A Full Life: The Works of Charlotte Mason

Our aim in Education is to give a Full Life. -C. Mason

Filed under: Vol. 3, Chapter 5 — CM Blogger at 1:13 am on Monday, September 1, 2008

The Solidarity of the Race.––One other idea that appears to be at work in the world for the elevation of mankind is that of the solidarity of the race. The American poet, Walt Whitman, expresses one side of this intuition when he tells us how he conquers with every triumphant general, bleeds with every wounded soldier, shares the spring morning and the open road and the pride of the horses with every jolly waggoner––in fact, lives in all other lives that touch him anywhere, even in imagination.
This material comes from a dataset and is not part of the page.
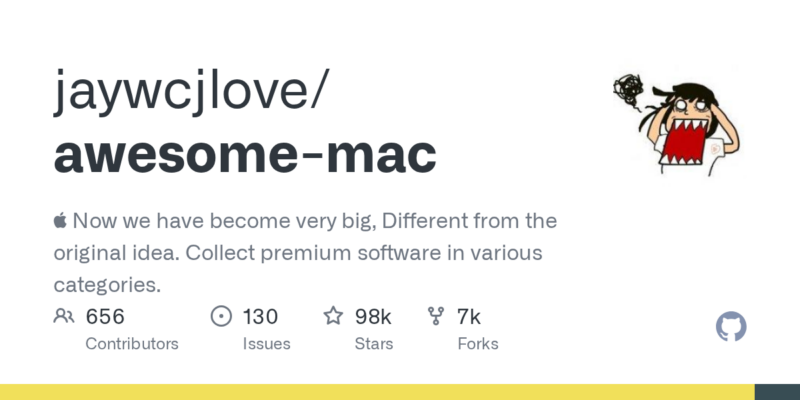 jaywcjlove/awesome-mac 源码下载与部署教程-源码站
This is something more than the brotherhood of man; that belongs to the present; but our sense of the oneness of humanity reaches into the remotest past, making us regard with tender reverence every relic of the antiquity of our own people or of any other; and, with a sort of jubilant hope, every prognostic of science or philanthropy which appears to us to be the promise of the centuries to come. Is it too much to expect that psychology shall take cognisance of this great educational force as well as of the two others I have indicated? I do not say that these three are the only, so to speak, motor ideas of our age; but I think they are the three of which we are all most aware, and I think, too, that any system of psychology which takes no cognisance of either, or of all of them, does not afford that basis for our educational theory and practice of which we are in search.